Ideally, we want a one-pass, \log^{O(1)}{n} space algorithm to solve the problem above for some good code C (that is, we have k\ge \Omega(n) and d\ge \Omega(n)). Or if we prove a hardness result, one would like a hardness result for every good code C. (For the sake of simplicity, assume that the algorithm has access to some succinct description of the code C.)
The main technical motivation comes from the case when \tau_1=0 and \tau_2\ge \epsilon n for any fixed \epsilon>0 but with constant number of queries to \mathbb{y} (i.e. in the property testing world). This question is perhaps the open question in the codeword testing literature. The case of \tau_1>0 also makes sense in the property testing world and has been studied [GuruswamiR-05]. (See the paper for some potential practical motivations.)

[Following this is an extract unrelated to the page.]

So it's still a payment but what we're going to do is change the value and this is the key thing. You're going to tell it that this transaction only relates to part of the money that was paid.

One of the original motivation (in [RudraU-10]) for the study of the data-streaming version of the question was possibly to use communication complexity results to prove the impossibility of good locally testable codes.
It was shown in [RudraU-10] that for the well-known Reed-Solomon codes, the data stream version of the problem can be solved for \tau_1=0 and \tau_2=1 with one pass and logarithmic space. It can also be shown that the classical Berlekamp-Massey algorithm for decoding Reed-Solomon codes implies a solution for the case \tau_2=\tau_1+1 with one pass and space \tilde{O}(\tau_1)[2]. Finally, [McGregorRU-11] showed how to solve this problem in one pass and O(k\log{n}) space. This question is wide open:
Solve the problem above with one pass and \tilde{O}(\min(k,\tau_1)) space.

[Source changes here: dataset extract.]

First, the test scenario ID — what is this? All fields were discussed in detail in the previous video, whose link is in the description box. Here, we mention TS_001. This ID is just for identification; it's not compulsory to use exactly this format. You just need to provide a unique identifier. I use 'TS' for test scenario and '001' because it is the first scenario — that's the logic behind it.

In fact the very special case of the problem above for k=\tau_1=\sqrt{n} with one pass and space o(\sqrt{n}) is also open. This is open even for the special case of Reed-Solomon codes.
Notes[edit]
- Jump up ↑ The distance of a code C is the minimum Hamming distance between any two codewords, i.e., \min_{\mathbb{x}\neq \mathbb{y}\in\Sigma^k} |\{i\in [n]| C(\mathbb{x})_i\neq C(\mathbb{y})_i\}|.
- Jump up ↑ There is a small catch: the algorithm actually computes the location of errors if the number of errors is at most \tau_1. However, results in [RudraU-10] can be used to verify if the returned error locations are indeed correct.